[Source data]
━━━━━━
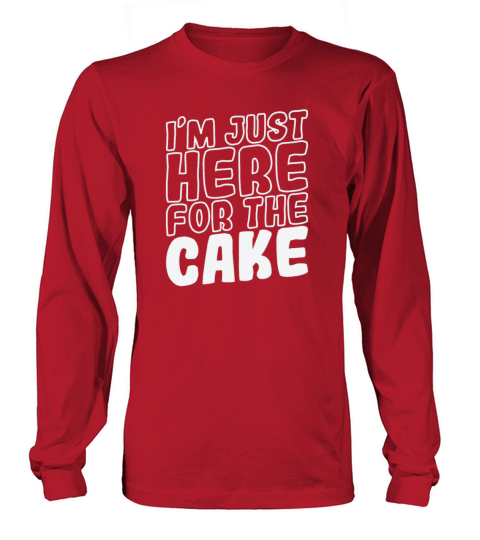 Im just here for the Cake Pie baking Long sleeved Unisex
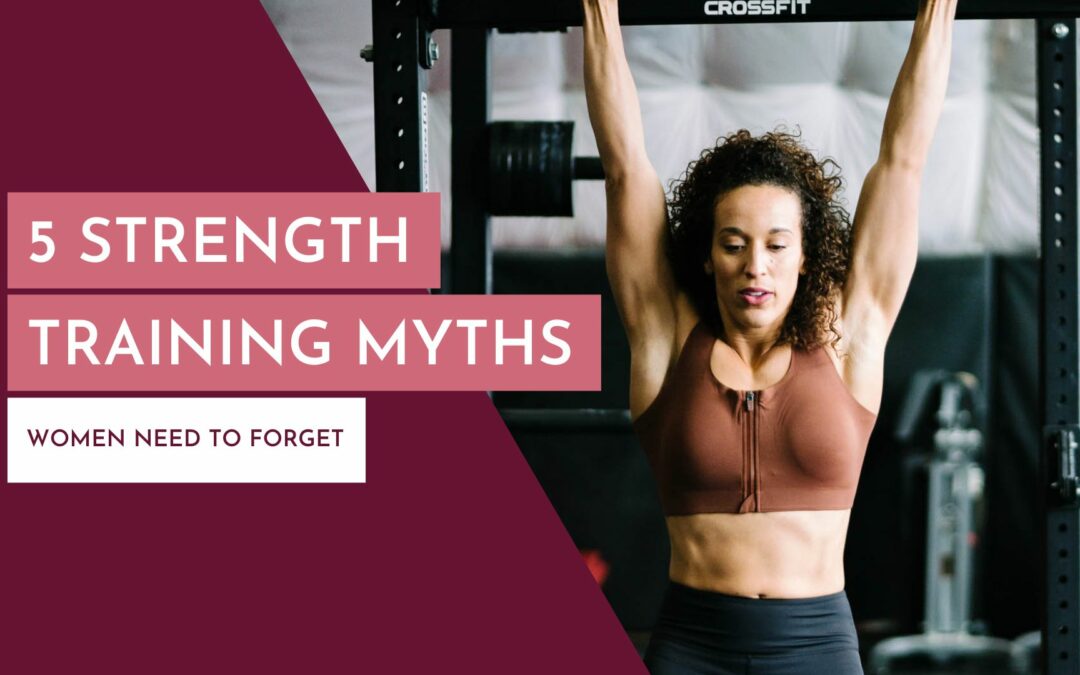 Strength Training Myths Women Need to Forget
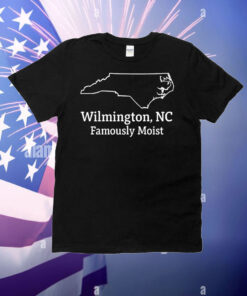 Wilmington NC famously moist T-Shirt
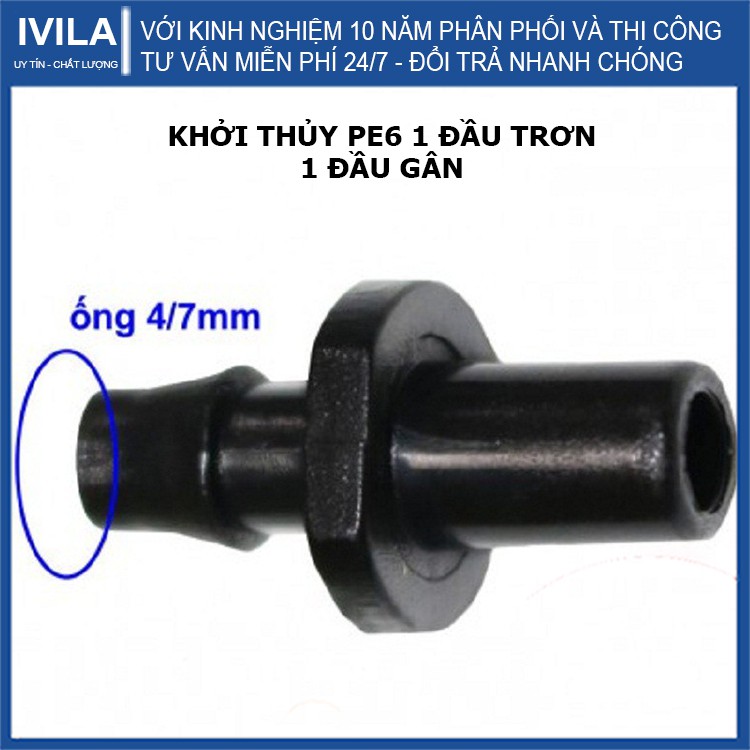 Combo 10 khởi thủy PE6 1 đầu trơn 1 đầu gân - Phụ kiện tưới - Bảo hành 12 tháng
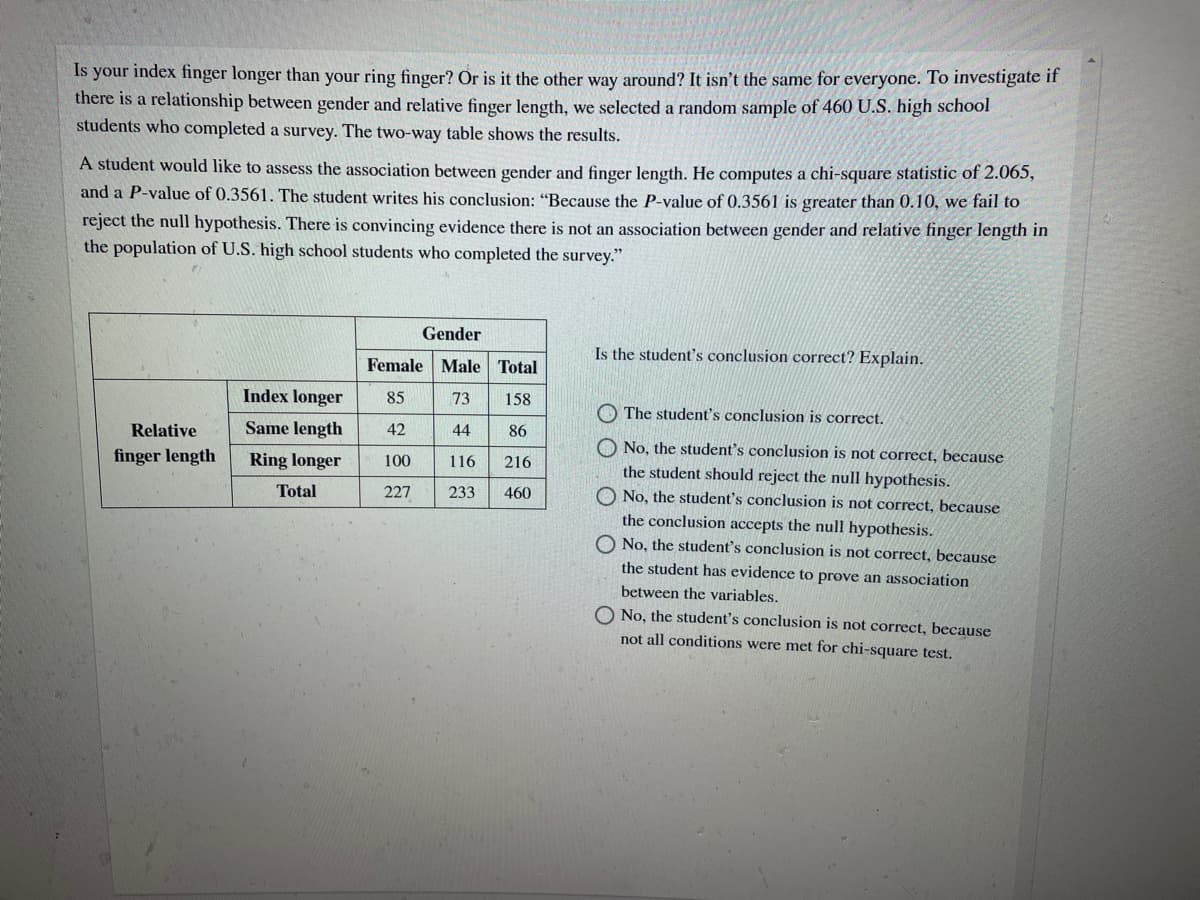 Is your index finger longer than your ring finger? Or is it the other way around? It isn't the same for everyone. To investigate if
there is a relationship between gender and relative finger length, we selected a random sample of 460 U.S. high school
students who completed a survey. The two-way table shows the results.
A student would like to assess the association between gender and finger length. He computes a chi-square statistic of 2.065,
and a P-value of 0.3561. The student writes his conclusion: "Because the P-value of 0.3561 is greater than 0.10, we fail to
reject the null hypothesis. There is convincing evidence there is not an association between gender and relative finger length in
the population of U.S. high school students who completed the survey."
Gender
Is the student's conclusion correct? Explain.
Female Male Total
Index longer
85
73
158
O The student's conclusion is correct.
Relative
Same length
42
44
86
O No, the student's conclusion is not correct, because
finger length
Ring longer
100
116
216
the student should reject the null hypothesis.
Total
227
233
460
No, the student's conclusion is not correct, because
the conclusion accepts the null hypothesis.
O No, the student's conclusion is not correct, because
the student has evidence to prove an association
between the variables.
O No, the student's conclusion is not correct, because
not all conditions were met for chi-square test.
━━━━━━
◆ **TASK DIRECTIONS**:
Print once more, exactly, the lines that start at the top of the records above and end at the line with "A student would", skipping all pictures.

◆ **OUTPUT FOR THIS EXERCISE**:
 Im just here for the Cake Pie baking Long sleeved Unisex
 Strength Training Myths Women Need to Forget
 Wilmington NC famously moist T-Shirt
 Combo 10 khởi thủy PE6 1 đầu trơn 1 đầu gân - Phụ kiện tưới - Bảo hành 12 tháng
 Is your index finger longer than your ring finger? Or is it the other way around? It isn't the same for everyone. To investigate if
there is a relationship between gender and relative finger length, we selected a random sample of 460 U.S. high school
students who completed a survey. The two-way table shows the results.
A student would like to assess the association between gender and finger length. He computes a chi-square statistic of 2.065,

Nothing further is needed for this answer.